Archives for posts with tag: TBI

I am relaxing over one final coffee for today. (More after this time of day reliably disturbs my sleep later on, so, generally, noon is my cut off for coffee unless I am planning to “make a night of it” for some event or activity.) I am feeling content and thoughtful.

I took my first Qigong class today. The main focus was on some basics: “four count breathing”, “horse stance”, and a very slow walking meditation. It was fun, comfortable, challenging without being frustrating, and “harder than it looks” to do quite correctly – which means room to grow and push myself. 🙂 It seems a good fit for my needs, generally. I’m pretty eager to make it a practice; that was sort of the entire point of undertaking today’s exploratory lesson, at all. 🙂

How is it I’m feeling sleepy? lol I also feel, generally, pretty well-rested.

Change is work. Sometimes it’s physical labor, sometimes just cognitive effort, but regardless; changing requires some verbs, and verbs require effort, and effort amounts to work. 🙂 We become what we practice, whether by force of will or happenstance. Each time I’ve undertaken some specific change, and followed through on my intentions with actual effort and commitment, doing so has changed me. We become what we practice. Our practices change our thinking, as well as our physical selves.

Where will your path take you?

I hear from my Traveling Partner, off somewhere or another, doing his thing, living his life, enjoying the day. I smile when I think about him. It’s a sunny day at the end of summer, neither hot nor cold, with a soft breeze that touches my skin quite gently. A good day for leisure, for contemplation, for gardening, for housekeeping, for errands, for exercise, for hiking, for napping… just generally a pleasant day. I finish off my coffee with an enthusiastic commitment to enjoy it fully.
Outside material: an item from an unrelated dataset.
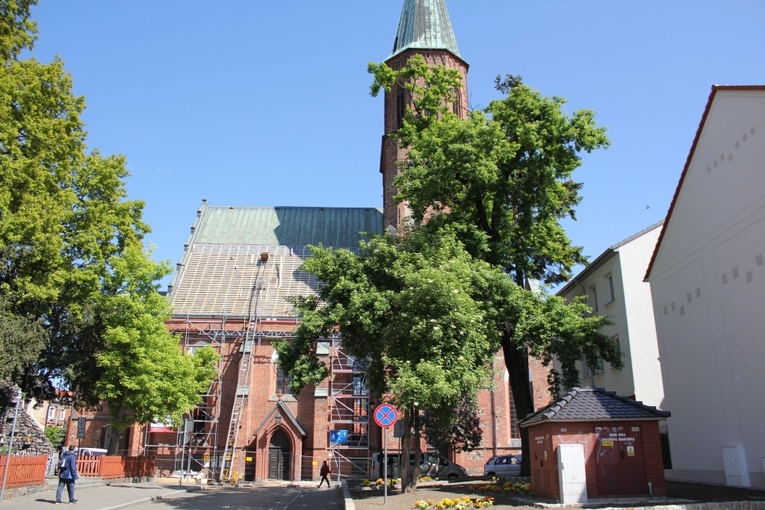 Remont kościoła pw. Podwyższenia Krzyża Świętego w Sulechowie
…And now? Why, yet another beginning, most likely. I could begin laundry, or begin the dishwasher’s wash cycle, or begin tidying up the container garden for autumn, or begin studying a new language, or begin reading a new book, or begin work on a new canvas. I could also use this moment to resume something – a new beginning on existing endeavors is still a new beginning. There’s pretty nearly always some convenient way to step forward into a new moment, energized, renewed, and ready to move on with things, generally. This seems the sort of moment for it…

My coffee is finished. It’s time to begin again. 🙂

I don’t honestly feel at all like sleeping on the ground, or dealing with overnight chill, or having to use vault toilets or a hole in the ground… or… any of the things that go along with camping, really. Not this weekend. I do, however, very much feel like hiking a few miles alone with my thoughts. 🙂 It’s nice having the car. It’s nicer that it is my own, and of the sort far more appropriate to trail heads and rougher roads than the luxury sedan I’d been driving. (None of that diminishes my gratitude for having the use of my partner’s car for a year; I needed it, he was right.) The weekend is my own, and I’ll go where I please, travel the roads I like, and find the miles that suit me most to wander.

I sip my coffee and consider my rather lengthy list of hikes I’d like to take. I decide I’d rather not drive more than an hour this morning, having slept a bit later than I expected to, and also wanting to go to the Farmer’s Market this morning. My smile becomes a grin contemplating the luxury of being able, if I chose, to also just get in the car and drive down to my Traveling Partner’s location, and visit him there. Any time. There is nothing to stop me doing so, and no one to whom I must answer. That feels amazing. I sit with the feeling and the awareness awhile longer; I haven’t always truly had the freedom to be accountable primarily to myself, only, and it’s an intoxicating level of adult freedom.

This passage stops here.